Он прекрасно понимал, что спрашивать нет нужды; что он просто пользуется случаем, чтобы заговорить с ней.
— Да, господин мой, — робко кивнула девушка.
Он не видел своего злого лица, потому удивился, чего она так напугалась, но пожалел её и улыбнулся
.
Она изменилась, словно солнцем её осветило.
— Сказать ей, Александр? Сказать, что ты здесь?
— Не надо, она меня ждёт. Ты можешь идти.
Она чуть помедлила, словно раздумывая, не может ли сделать для него что-нибудь. Она наверно постарше, может на год, — подумал он… Девушка повернулась и пошла по лестнице вниз.
Теперь он чуть помедлил, глядя ей вслед. Она казалась хрупкой, словно ласточкино яйцо. И такая же гладкая наверно… А губы не крашеные; розовые, нежные… Смотреть на неё было радостно. Словно сладкий глоток после горечи.
Сквозь окно донёсся мужской хор: репетировали к Дионисиям.
— Так ты всё-таки вспомнил обо мне, — сказала мать, едва они остались вдвоём. — Как быстро ты научился жить без меня!
Она стояла возле окна в мощной каменной стене; косые лучи освещали изгиб щеки и блестели на тонком платке. Она для него нарядилась, накрасилась, специально причёску сделала… Он это видел. А она видела, что он снова вырос, что лицо стало жёстче, а в голосе исчезли последние мальчишеские нотки… Он вернулся мужчиной — и неверен как все мужчины!.. Он знал, что тосковал по ней; и ещё — что друзья делят всё, но только не то прошлое, что было до их встречи. Если бы она заплакала сейчас, пусть хоть это, и позволила бы ему себя утешить, — но нет, она не станет унижаться перед мужчиной!.. Если бы он подбежал и прильнул к ней, — но нет, он уже взрослый, он это выстрадал, и никто из смертных не заставит его снова стать ребёнком!.. И вот они оба, ослеплённые сознанием своей правоты, ввязались в ссору, как влюблённые ревнивцы; а рёв Эгского водопада стучал им в уши, будто кровь.

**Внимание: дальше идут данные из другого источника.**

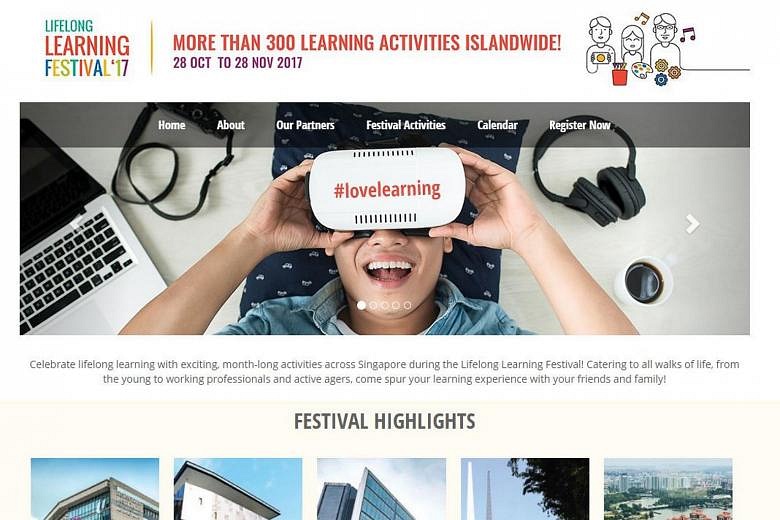 Month-long learning festival to feature 300 learning activities | The  Straits Times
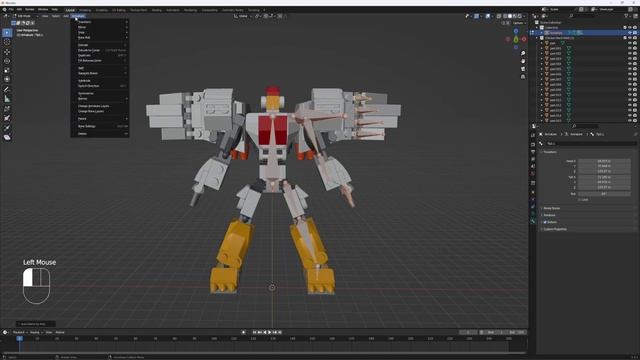 How to Rig ANY Lego Model in Blender | Lego Blender Tutorial смотреть онлайн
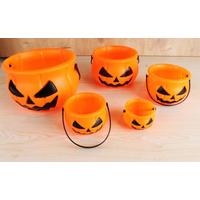 Balkabağı Şeker Kovası - Halloween Kabak Kova 5 li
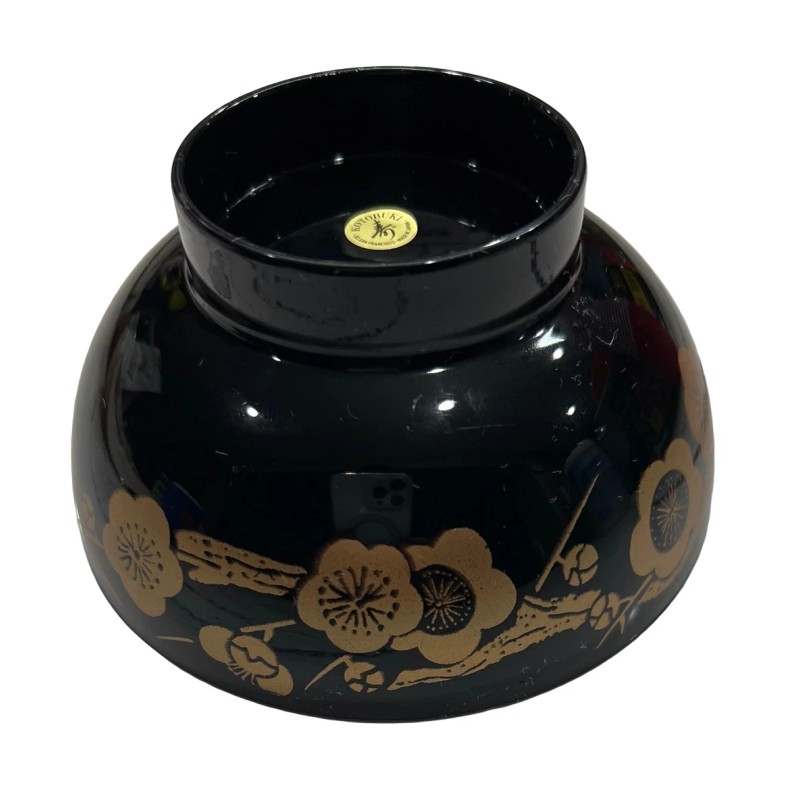 KOTOBUKI Japanese 4.50" Lacquered Plastic Rice Soup Bowls – Ume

— Кем я буду, если не научусь воевать?! И где мне учиться, у кого?! Он мой полководец — так с какой стати его оскорблять без причины?!..
— А-а, у тебя нет причины!.. Когда-то тебе хватало моих!
— А что? Что он опять натворил? — Его не было так долго, что казалось, даже Эги изменились, будто обещая какую-то новую жизнь. — В чём дело, мам? Скажи…
— Пустяки. Тебе-то что тревожиться? Иди развлекайся с друзьями, Гефестион поди ждёт…
Наверняка, кого-то выспрашивала, ведь они всегда вели себя достаточно осторожно.
— Их я могу увидеть хоть когда. А всё что я хотел — это приличия соблюсти… И ради тебя тоже, ты ж это знаешь. Но можно подумать — ты ненавидишь меня!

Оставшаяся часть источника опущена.